Writers should keep distance from centres of political power: Baragur

‘They have the responsibility of keeping the genuine concerns of people centre stage’

November 13, 2013 02:38 pm | Updated November 16, 2021 08:01 pm IST - Bangalore

Kannada Sahitya Parishat president Pundalika Halambi presenting the Nrupatunga Award to writer Baragur Ramachandrappa in Bangalore onTuesday. Minister for Transport R. Ramalinga Reddy is seen. Photo:V.  Sreenivasa Murthy

Kannada Sahitya Parishat president Pundalika Halambi presenting the Nrupatunga Award to writer Baragur Ramachandrappa in Bangalore onTuesday. Minister for Transport R. Ramalinga Reddy is seen. Photo:V. Sreenivasa Murthy

Writers have a social responsibility to keep the genuine concerns of the common people centre stage at a time when communal and casteist forces are gaining ground, according to writer, film-maker and critic Baragur Ramachandrappa.

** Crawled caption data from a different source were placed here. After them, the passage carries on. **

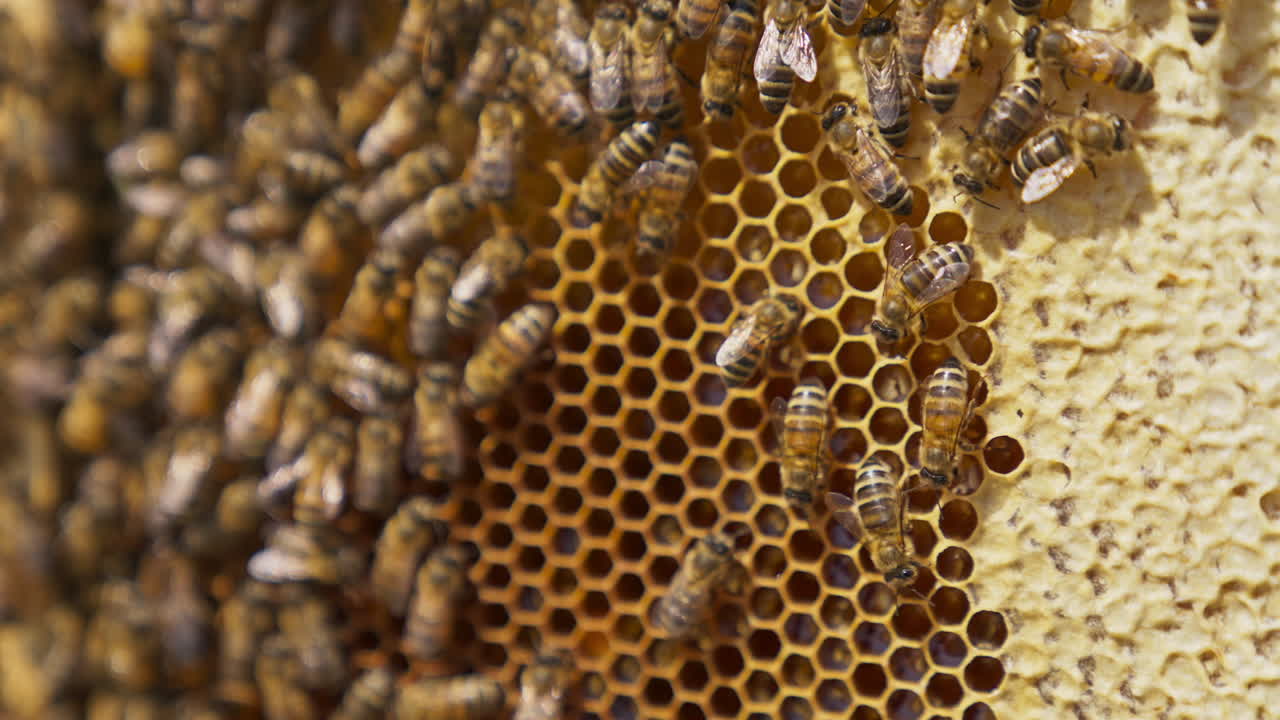 Bee colony crawling around the honeycomb. Frame with combs full of honey and partially sealed cells. Honeycomb background.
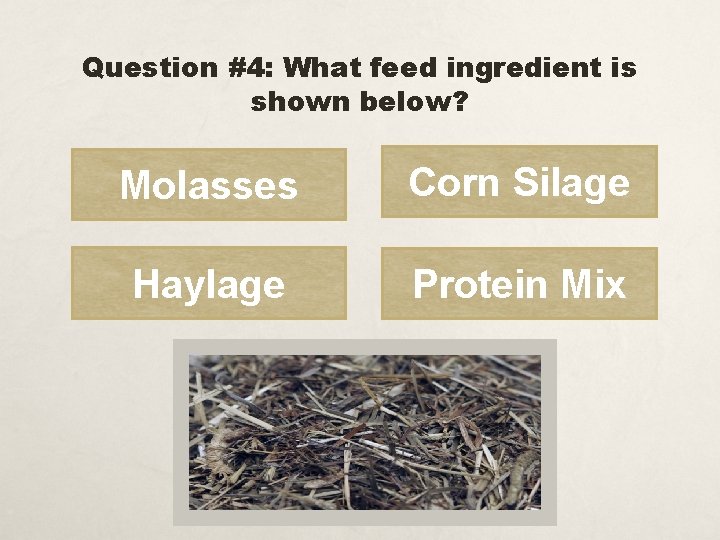 Question #4: What feed ingredient is shown below? Molasses Corn Silage Haylage Protein Mix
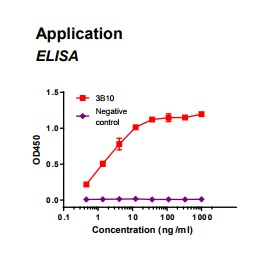 Rabbit anti-human Fatty acid binding protein 3 (FABP3) monoclonal antibody clone 3B10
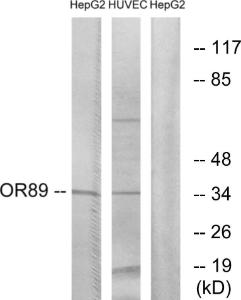 Western blot analysis of lysates from HepG2 and HUVEC cells using Anti-OR89 Antibody. The right hand lane represents a negative control, where the antibody is blocked by the immunising peptide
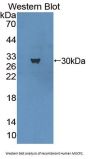 Methyl CpG Binding Protein 2 (MECP2) Antibody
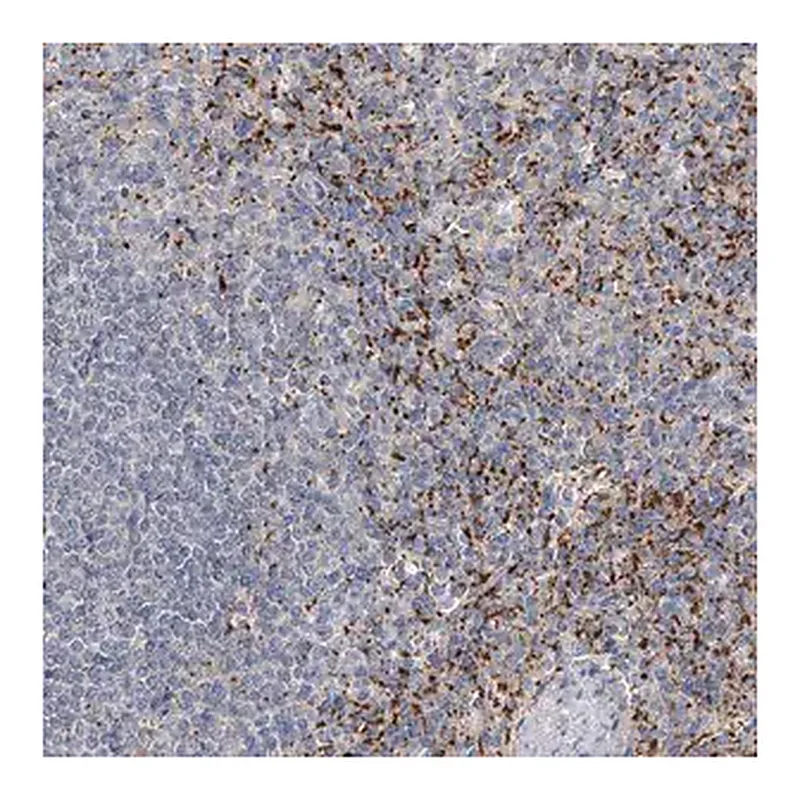 Merck Anti-ALKBH8 antibody produced in rabbit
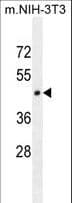 HOMEZ Antibody (aa158-186)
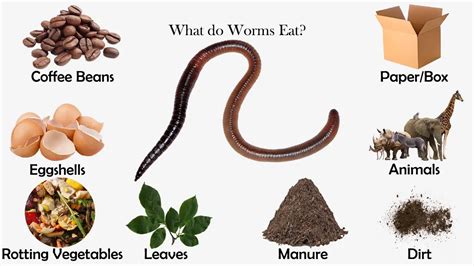 What do worms eat. How do worms eat and digest their food? Worms eat and digest their food using a specific body part that people call a gizzard. The gizzard uses stones so the earthworms can grind the food completely. The food then moves into their intestines. While they do so, the gland cells in their intestine release fluids, aiding the digestive process. ...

Speaking here on Tuesday after receiving the Nrupatunga Award, instituted by the Bangalore Metropolitan Transport Corporation and presented by the Kannada Sahitya Parishat, he said that society has greater expectations of writers and artistes in a context where most politicians, religious leaders and even social activists are looked upon with suspicion as people furthering their own selfish agenda.

Distance from power

Prof. Ramachandrappa warned that writers have to “keep their distance from centres of political power, more so as their interactions with them increase”.

He said that a writer who forgets his social responsibility either turns narcissistic or loses himself in a web of self-deception.

On the importance of learning and speaking Kannada, Prof. Ramachandrappa said that the flawed notion of a “pure” language was putting off many from speaking the language, adding that “purity” is a highly disputed attribute, be it in assessing quality of literature or language.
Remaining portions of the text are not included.